Rape charges against the Duke lacrosse players were dropped last April, and Michael Nifong, the District Attorney who brought the charges in March 2006, was disbarred in June 2007. The rape charges were dismissed after the state’s Attorney General took over the investigation and determined that the defendants were innocent and that there had been a “tragic rush to accuse and a failure to verify serious allegations.”
On August 31st, Mr. Nifong was sentenced to 24 hours in jail and a $500 fine for criminal contempt. A week later, he served his day in jail. He is not eligible to be reinstated to the bar until 2012. But, is Mr. Nifong’s punishment sufficient, given that the young athletes must spend the rest of their lives coping with the consequences of his conduct?
The case was recently back in the headlines because last month, the players filed multi-million dollar lawsuits against Nifong, alleging that his reckless and false prosecution destroyed their reputations. But even if he is held accountable through the players’ civil lawsuit, will his punishment be sufficient given the damage he caused to public confidence in our criminal justice system? And is he an exception or are there other prosecutors solely bent on winning, no matter what the evidence says?
An exhaustive 1999 study by the Center for Public Integrity found that, since 1963, the homicide convictions of at least 381 defendants nationally were thrown out because prosecutors concealed evidence suggesting that the defendant was innocent or presented evidence they knew to be false. Not one of those prosecutors was ever convicted of a crime. Not one was ever barred from practicing law. Instead, many were promoted or have become judges. Of those 381 defendants, 67 had been sentenced to death. Nearly 30 of those 67 were subsequently freed.
According to the study, “[w]ith impunity, prosecutors across the country have violated their oaths and the law, committing the worst kinds of deception in the most serious of cases. They have prosecuted black men, hiding evidence the real killers were white. They have prosecuted a wife, hiding evidence her husband committed suicide. They have prosecuted parents, hiding evidence their daughter was killed by wild dogs. They do it to win. They do it because they won't get punished.”
Little has changed in the nearly ten years since that study. State bar associations routinely discipline lawyers for misappropriating even small amounts of funds held for their clients. But when a person's liberty —or life— is at stake and prosecutors withhold evidence so significant that its disclosure would have created "a reasonable probability of a different outcome,"

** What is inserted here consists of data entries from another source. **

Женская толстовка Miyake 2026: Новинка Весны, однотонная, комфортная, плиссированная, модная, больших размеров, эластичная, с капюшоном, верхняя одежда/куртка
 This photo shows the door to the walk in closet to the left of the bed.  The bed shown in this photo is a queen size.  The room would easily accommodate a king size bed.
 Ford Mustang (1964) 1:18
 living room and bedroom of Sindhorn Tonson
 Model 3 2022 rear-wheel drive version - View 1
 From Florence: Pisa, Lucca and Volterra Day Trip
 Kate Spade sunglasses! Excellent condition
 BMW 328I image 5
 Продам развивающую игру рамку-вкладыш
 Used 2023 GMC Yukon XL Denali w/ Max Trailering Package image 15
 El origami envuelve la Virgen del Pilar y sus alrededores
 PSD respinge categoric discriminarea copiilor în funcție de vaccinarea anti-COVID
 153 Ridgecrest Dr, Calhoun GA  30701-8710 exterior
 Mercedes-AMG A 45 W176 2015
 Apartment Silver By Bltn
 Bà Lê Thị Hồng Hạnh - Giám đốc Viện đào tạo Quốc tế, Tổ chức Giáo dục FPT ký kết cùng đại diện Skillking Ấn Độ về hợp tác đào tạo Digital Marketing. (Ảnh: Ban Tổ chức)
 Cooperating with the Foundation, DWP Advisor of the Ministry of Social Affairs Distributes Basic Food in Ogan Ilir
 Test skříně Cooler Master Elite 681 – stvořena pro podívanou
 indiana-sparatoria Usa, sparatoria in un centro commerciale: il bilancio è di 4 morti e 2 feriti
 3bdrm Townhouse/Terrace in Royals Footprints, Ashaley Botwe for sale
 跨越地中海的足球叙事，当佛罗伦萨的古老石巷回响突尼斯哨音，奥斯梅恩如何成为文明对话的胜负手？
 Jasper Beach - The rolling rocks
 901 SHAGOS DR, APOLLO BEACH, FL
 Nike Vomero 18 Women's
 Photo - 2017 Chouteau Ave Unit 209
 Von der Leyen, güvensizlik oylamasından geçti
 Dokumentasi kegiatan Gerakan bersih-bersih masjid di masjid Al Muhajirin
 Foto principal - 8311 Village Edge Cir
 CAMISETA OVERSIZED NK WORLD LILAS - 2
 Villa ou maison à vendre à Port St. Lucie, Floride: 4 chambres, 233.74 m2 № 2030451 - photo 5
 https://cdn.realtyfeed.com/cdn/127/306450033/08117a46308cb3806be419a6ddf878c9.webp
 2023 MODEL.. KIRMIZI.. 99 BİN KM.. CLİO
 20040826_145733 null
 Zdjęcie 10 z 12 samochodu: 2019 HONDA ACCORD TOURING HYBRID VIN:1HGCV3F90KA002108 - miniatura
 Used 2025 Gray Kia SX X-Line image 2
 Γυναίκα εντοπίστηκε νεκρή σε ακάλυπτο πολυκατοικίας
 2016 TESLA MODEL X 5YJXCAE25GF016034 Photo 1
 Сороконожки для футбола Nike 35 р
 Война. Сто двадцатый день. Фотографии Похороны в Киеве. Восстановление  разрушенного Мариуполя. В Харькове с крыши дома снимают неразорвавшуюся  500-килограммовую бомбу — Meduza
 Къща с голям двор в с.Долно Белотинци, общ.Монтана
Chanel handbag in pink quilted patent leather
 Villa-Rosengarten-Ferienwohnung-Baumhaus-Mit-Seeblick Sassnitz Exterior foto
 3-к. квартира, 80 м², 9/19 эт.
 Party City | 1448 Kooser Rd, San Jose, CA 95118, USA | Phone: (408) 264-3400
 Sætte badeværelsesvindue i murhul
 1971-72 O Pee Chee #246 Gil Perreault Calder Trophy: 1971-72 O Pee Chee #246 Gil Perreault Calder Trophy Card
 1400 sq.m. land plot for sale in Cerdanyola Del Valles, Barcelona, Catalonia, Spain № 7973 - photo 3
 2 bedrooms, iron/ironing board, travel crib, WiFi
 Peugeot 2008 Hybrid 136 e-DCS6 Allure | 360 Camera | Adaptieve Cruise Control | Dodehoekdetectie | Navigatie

Kyles v. Whitley, 514 U.S. 419, 434 (1995),
it is hard to imagine any more reprehensible conduct by a lawyer, and yet this behavior goes unpunished.
Astonishingly, this practice of withholding relevant evidence occurs right under the noses of the judges who make these findings of misconduct. And these judges know exactly what they should do when prosecutorial misconduct occurs. The American Bar Association’s Code of Judicial Conduct instructs the courts to inform the appropriate authority whenever a judge knows that a lawyer has committed a violation of the rules of professional conduct that raises a substantial question as to the lawyer’s honesty, trustworthiness or fitness as an attorney.
Unfortunately, the only conduct in criminal cases that ever seems to be referred to state bar associations involves that of defense counsel. One searches nearly in vain for referrals of wayward prosecutors, let alone criminal prosecutions of them.
In the Duke case, it appears that the system did work. These three young white men, with families wealthy enough to send them to Duke and resources sufficient to hire lawyers and investigators, successfully challenged Mr. Nifong’s outrageous conduct. Their sustained efforts led not only to the students’ complete exoneration, but also to the investigation and eventual disbarment of their out-of-control prosecutor.
Why is it that the system worked for them, and for virtually no one else?
Too often, the distressing reality is that it takes wealth to ensure effective lawyering, and that those with insufficient resources end up with inexperienced and under-resourced, or even no, lawyers. In cases involving prosecutorial misconduct, in which the defendant does not have the resources to mount a defense and challenge the misconduct, the result is vastly different from that of the Duke case.
We should demand more from our prosecutors, whose obligation is to do justice. We should demand more from our courts and bar associations, institutions entrusted with policing the legal profession and protecting us from lawyers who take unfair advantage or even cheat. The wealth of the accused should not determine whether an unethical prosecutor is turned over to the bar association for investigation and prosecution. Our criminal justice system owes us no less if we are to be truly a land of “equal justice under the law.”